What follows is the result of a discussion between @ezio_manzini, @noemi and myself earlier in the day, and by another one with @markomanka yesterday. It is a last-ditch attempt to save the “From talk to action” OpenCare paper, that has run into several problems. I still believe it is a good idea, and would love to read it. So, we are proposing a road map to other people in the team. If everybody agrees to it, we can still deliver the paper. If not, we will abandon it.
It seems to me we have all the materials for this paper. Those we do not have already, we soon will, because they are being prepared as part of various activities scattered across the project.
Why bother?
- Because this is the paper everybody wants to read. It vindicates the CAPS approach; of sinks it, if its results are negative.
- Because it’s good for project impact
- Because it’s good for across-consortium collaboration, which reviewers asked of us (it involves researchers from ER, WeMake and ScImpulse).
Co-authors
This comes first, because it is the call to arms. If you do not respond, or respond negatively, the paper will not happen. Of course, we will respect your reasons. The co-authors are to be:
- Ezio (main author)
- Noemi
- @federico_monaco
- @markomanka
- @winnieponcelet (this might come as a surprise, since I have not talked to Winnie about this at all).
@amelia has declined to co-author.
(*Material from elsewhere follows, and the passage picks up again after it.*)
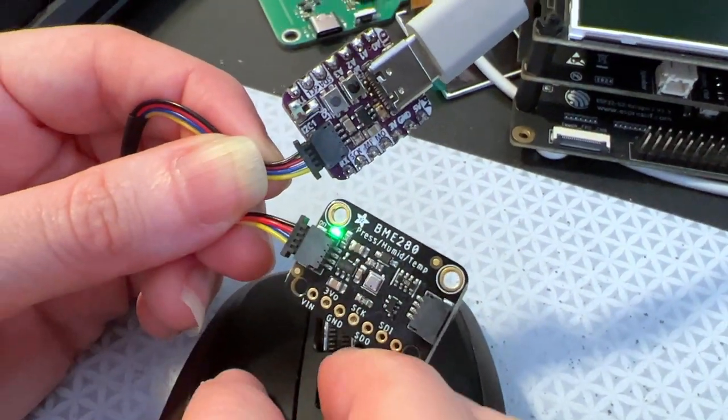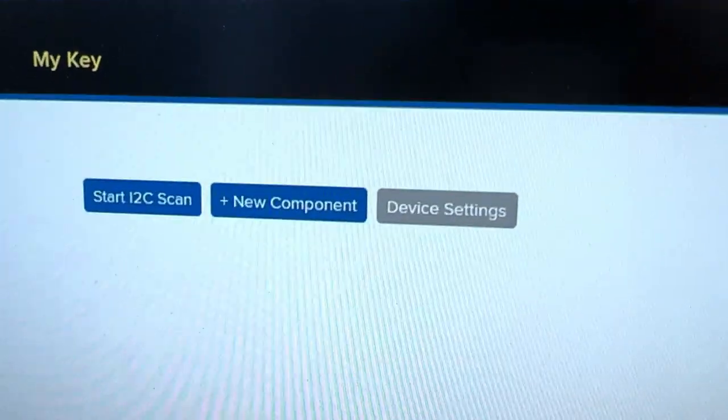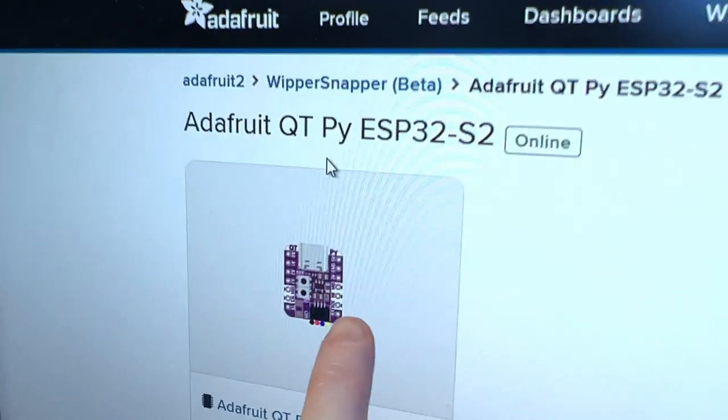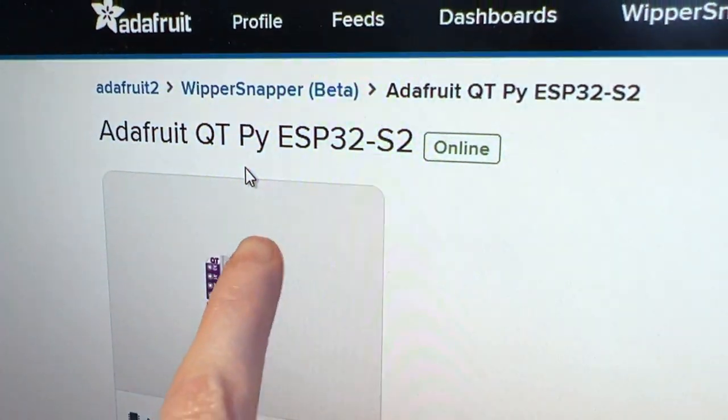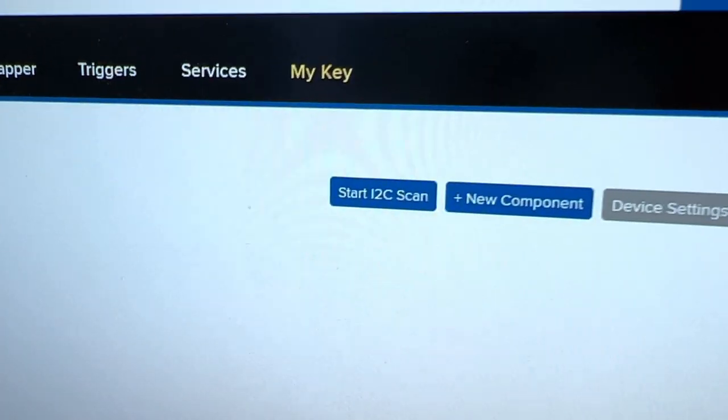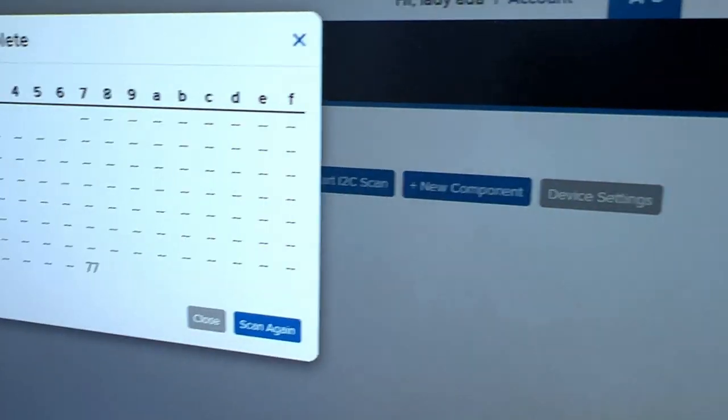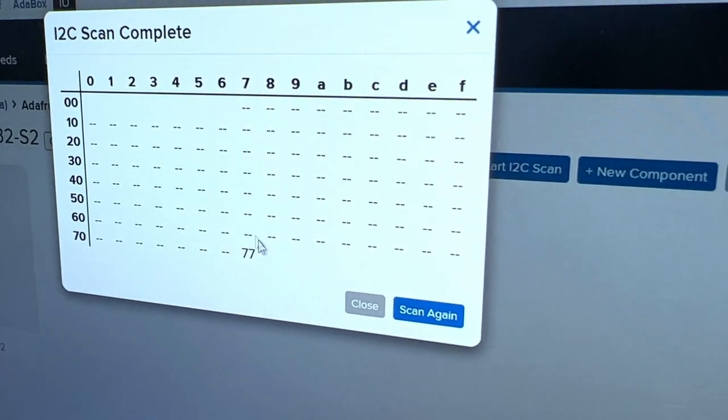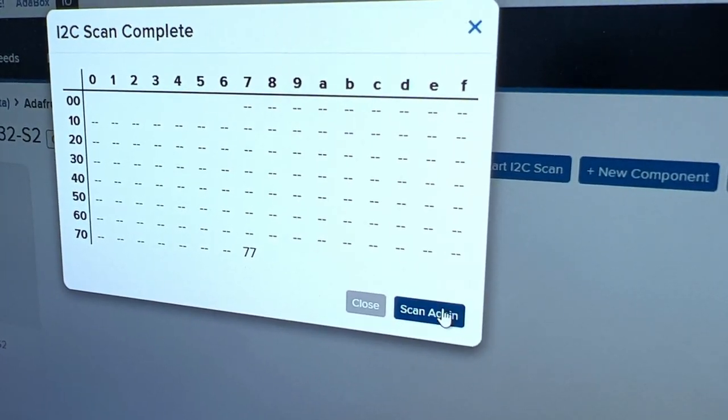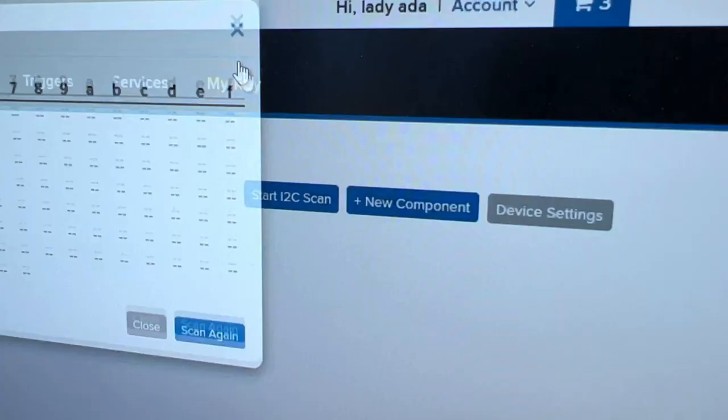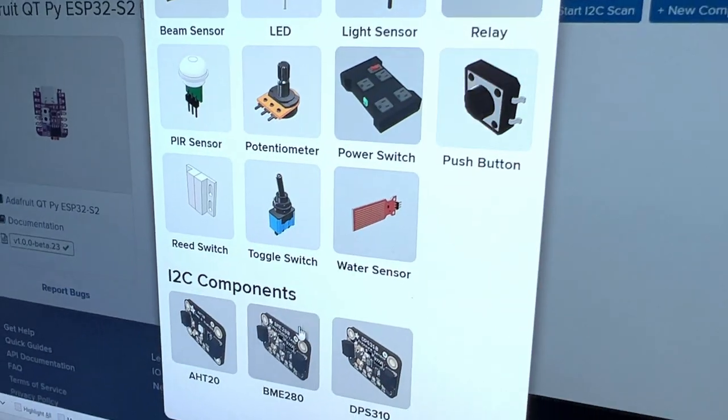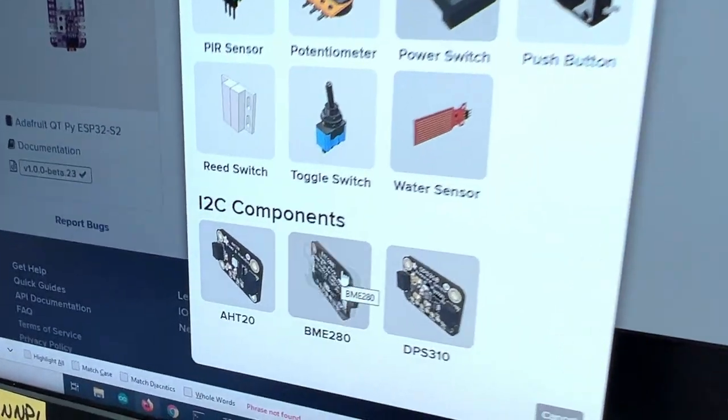I run the Whippersnapper from our unit. I'm going to use this computer here. You see my Stemma CutiePie S2. And then I go over here to new component. I can do an I2C scan. I see that the device shows up. I can add the component. I scroll down and now we've got BME280.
However, she is still important to the paper, since it will re-use and cite her OpenCare ethno report. Noemi and I take responsibility for “interpreting” the report in terms of the paper.
Title
I propose “From talk to action? Digital platforms as enablers of communities of care: a service design approach”
Background
- the crisis of all the traditional ways of thinking and practicing care
- the challenge of facing the care issue using open models (and hacking approaches)
- social forms and service encounters in care empowering ecosystems
Hypothesis
Hypothesis background: Open care is based on an ecosystem of social forms and technical infrastructures. They are its dynamic cultural socio-technical infrastructure.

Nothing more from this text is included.